The Scientific Method applied to Religion
by Dan O'Brian
Baumgardner, in quoting Frank Wolfs, boils the scientific method down to the four following essentials:1
- Observation and description of a phenomenon or group of phenomena.
- Formulation of a hypothesis to explain the phenomena. (In physics, the hypothesis often takes the form of a mathematical relationship.)
- Use of the hypothesis to predict other phenomena or to predict quantitatively the results of new observations.
- Performance of experimental tests of the predictions by several independent experimenters.
Wolfs explains, “No matter how elegant a theory is, its predictions must agree with experimental results if we are to believe that it is a valid description of nature. In physics, as in every experimental science, ‘experiment is supreme’ and experimental verification of hypothetical predictions is absolutely necessary.”1
Similarly, Atheist Ethicist explains “The way science works, a scientist can’t just shout out that [s]he knows something. She has to say why she thinks she knows something, and then wait for somebody else to confirm the findings.
Some say that the scientific method is a superior form of attaining any meaningful knowledge and that all others are to be discarded. However, Inasmuch as the scientific method requires independent verification, it is inadequate in matters of religion.
All the life and power of true religion consists in the inward and full persuasion of the mind. Religion itself is made of two components: a profession of faith toward God and an outward form of worship. If we are not fully persuaded in our own minds that our faith is true and our form of worship is well-pleasing, we are conducting an exercise in hypocrisy and adding to our list of offenses toward God. This being the nature of religion, the only force that can be used therein is not force at all, but admonishments, exhortations, arguments, and advice.
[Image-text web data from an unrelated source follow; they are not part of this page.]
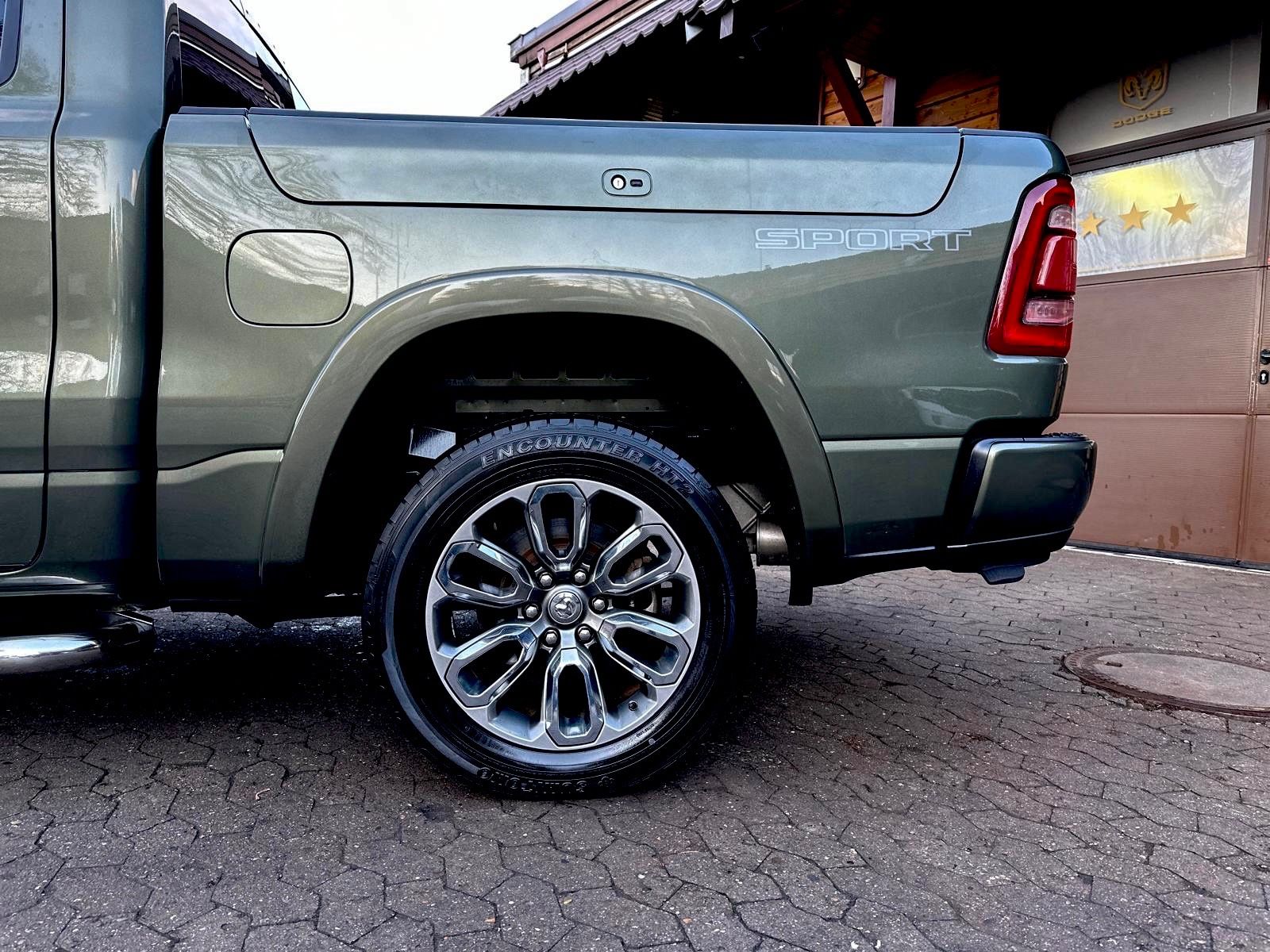 Dodge LARAMIE*5.7*LPG*AHK*NAVI*PDC*RAMBOX*GARANTIE*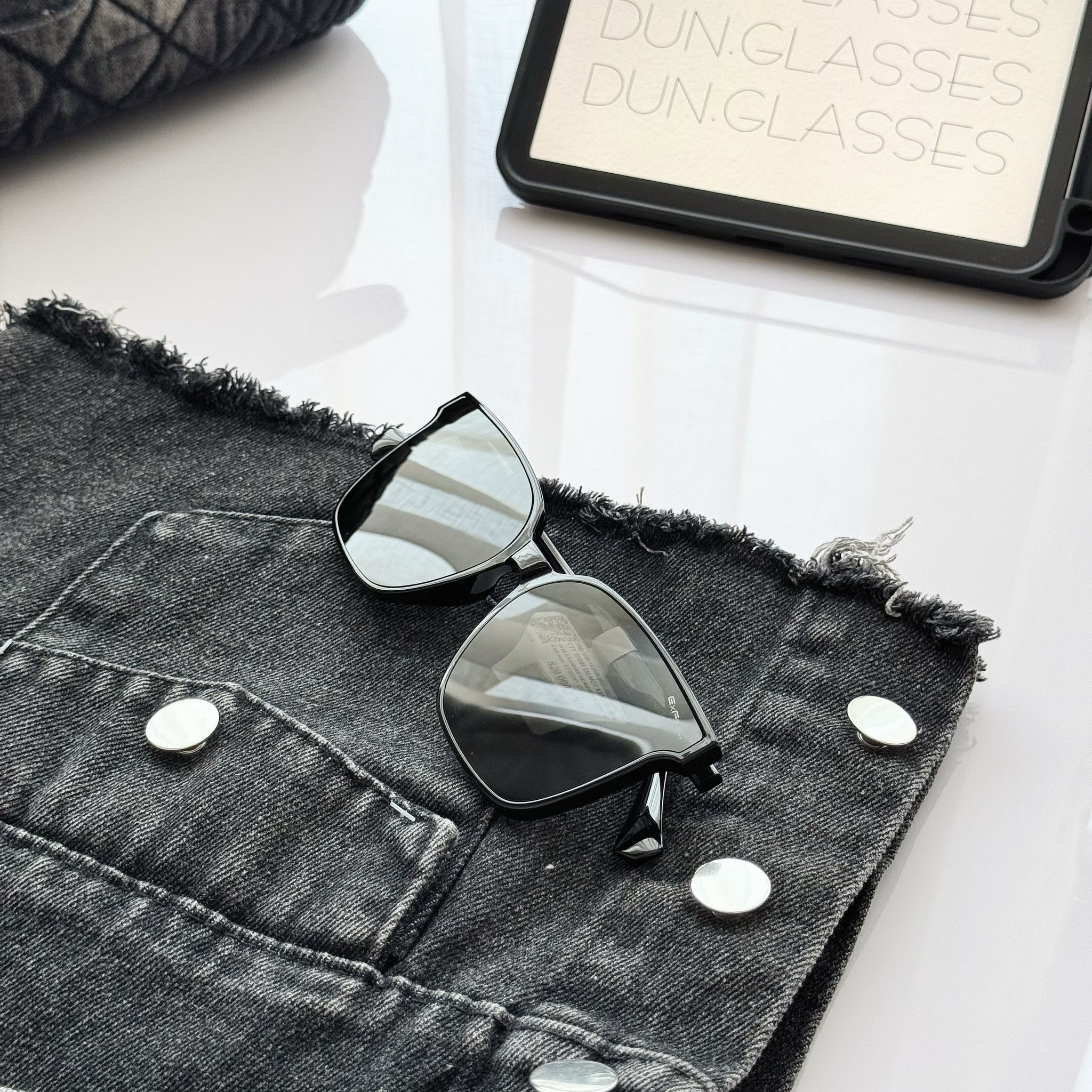 Kính mát Exfash EF25207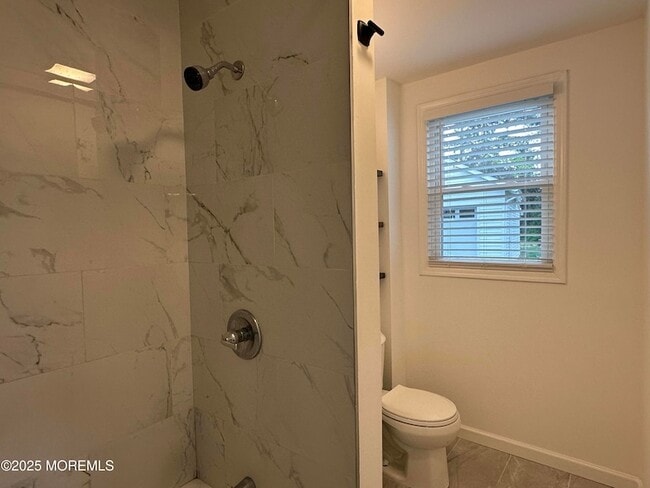 Building Photo - 678 Buttonwood Ave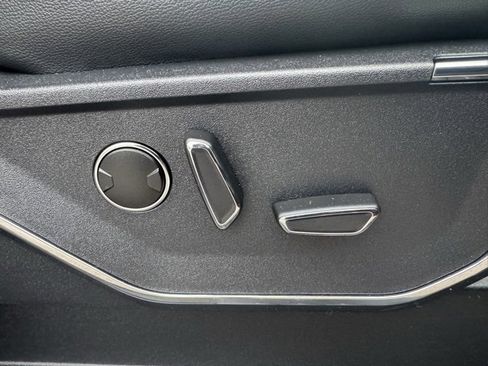 Used 2023 Ford F150 Lariat w/ Equipment Group 502A High image 43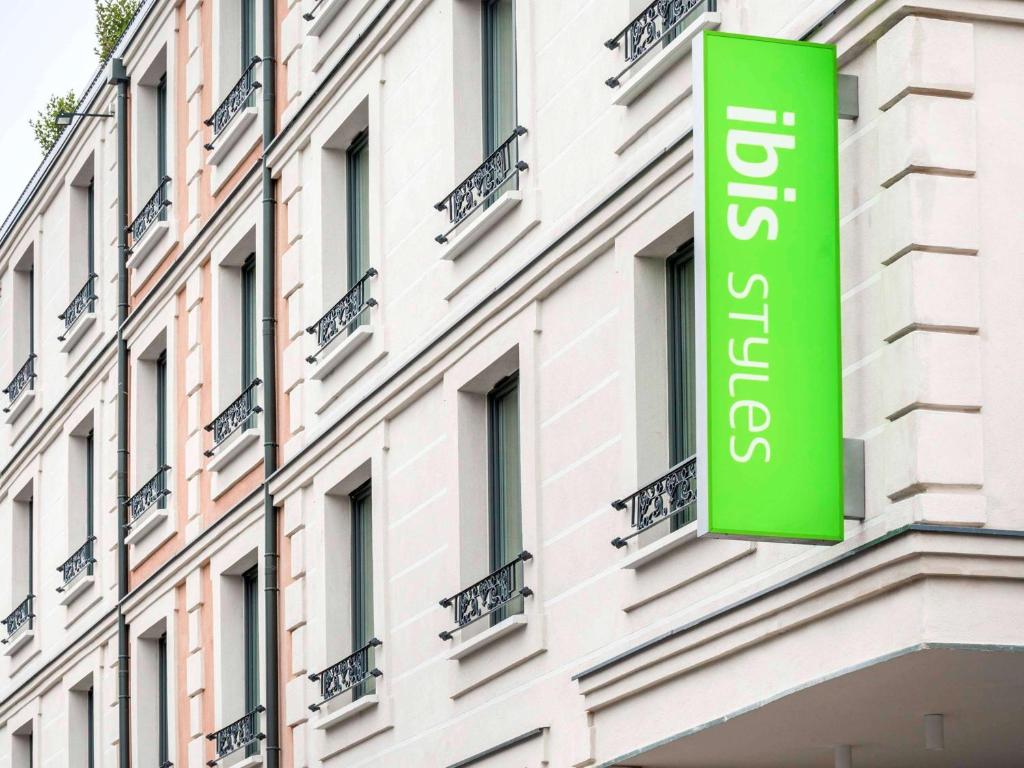 克拉马克拉马尔巴黎火车站宜必思尚品酒店的建筑物一侧的绿色标志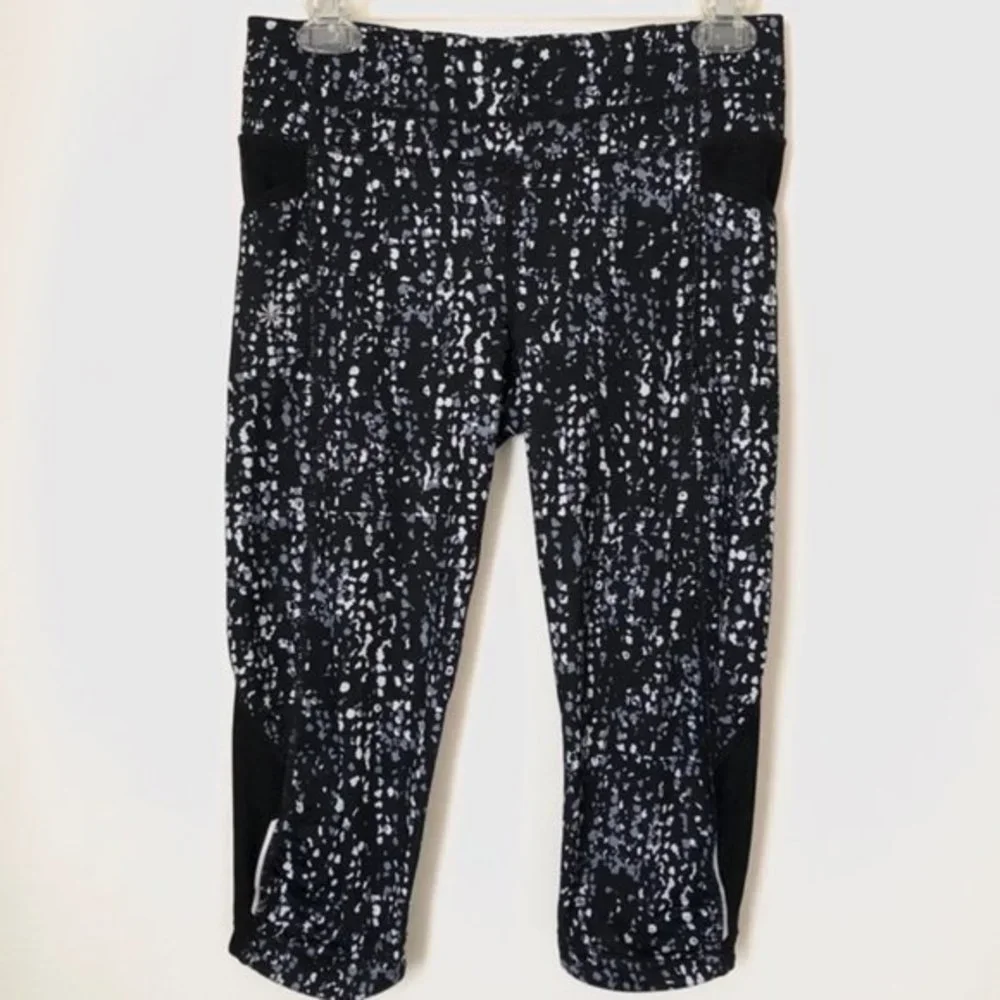 Athleta Pebble Capri Leggings - Picture 2 of 5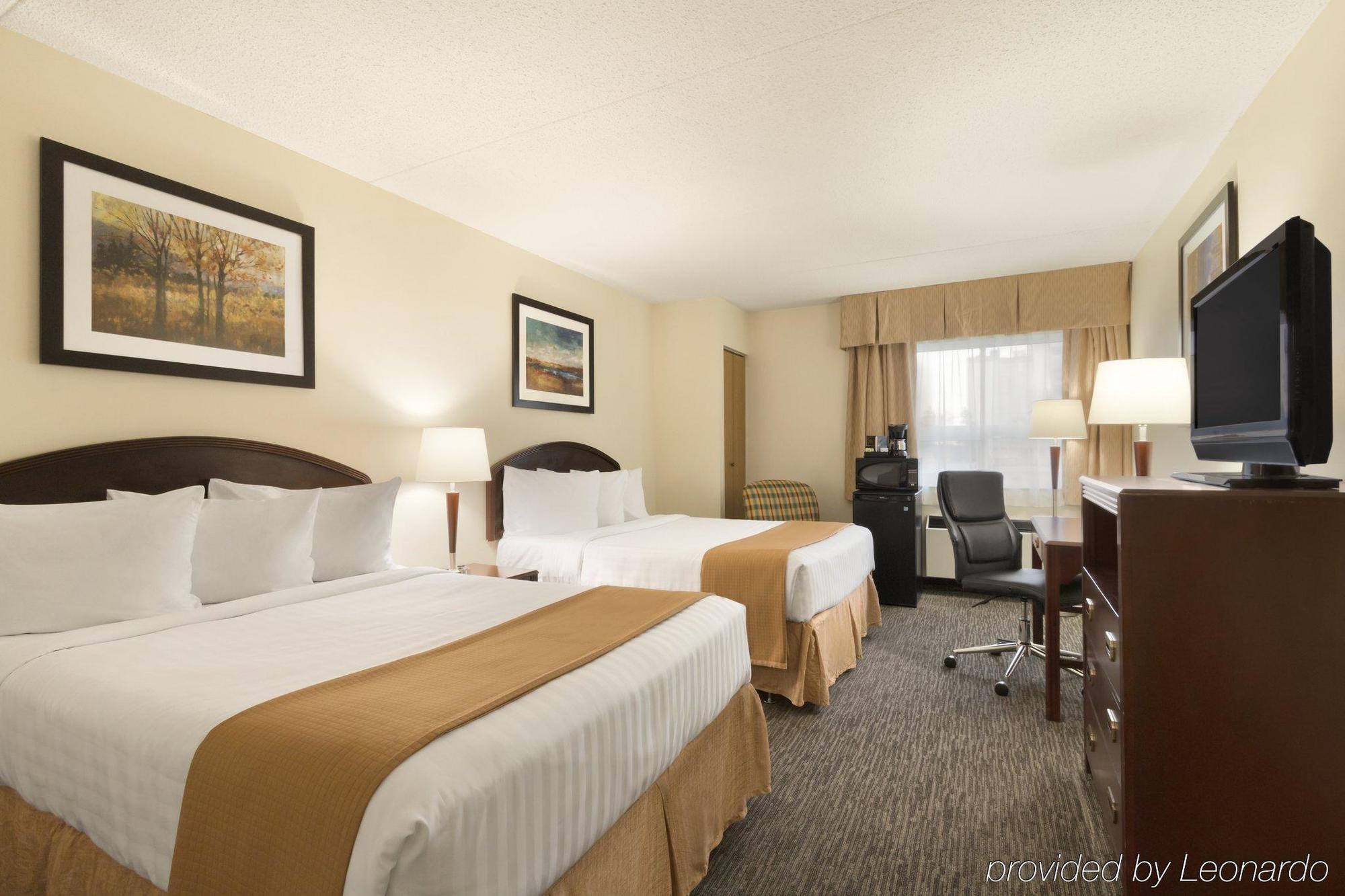 Emerald Hotel & Suites Calgary Airport Экстерьер фото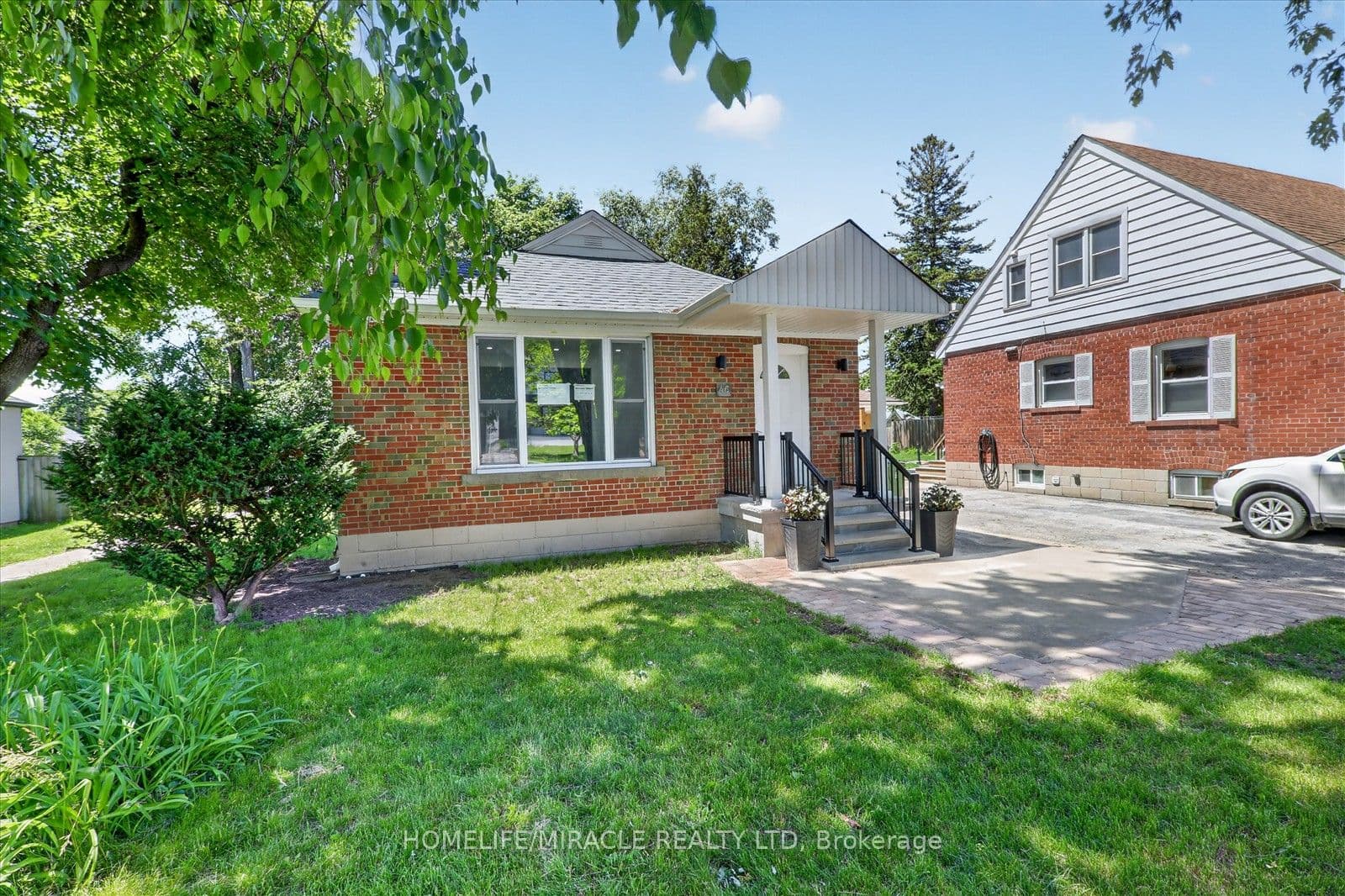46 Singleton Road — photograph 3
To require the truth of religion to hinge upon independent verification conducted by another person is to leave the care of your soul, indeed its very salvation, to a person who does not have as vested an interested in your salvation as you have. The mere position of an outside observer does not yield more insight into other men’s faith or worship. These things ought every man to sincerely inquire himself with due diligence, search, study, and meditation. We are all equal in nature concerning these things and no man has been placed above another.
But, let us grant for the moment that the person independently verifying another man’s faith is seeking only that man’s good and has attained superior knowledge. Even then we are in no better position. A government official who shows me the best way to conduct a business, may, upon my failure, shore up my losses and provide security for me. But, there is no security for the life to come that can be given by another man. It is not within another man’s power to ease my loss, or prevent my suffering, or restore me in some measure. That is a matter between God and myself. The Kingdom of God is in the hearts of men (Luke 17:21) and therefore no man, who’s only real jurisdiction is in the physical world, can affect a better care than I of my soul by use of superior knowledge, or outward force, or coercion.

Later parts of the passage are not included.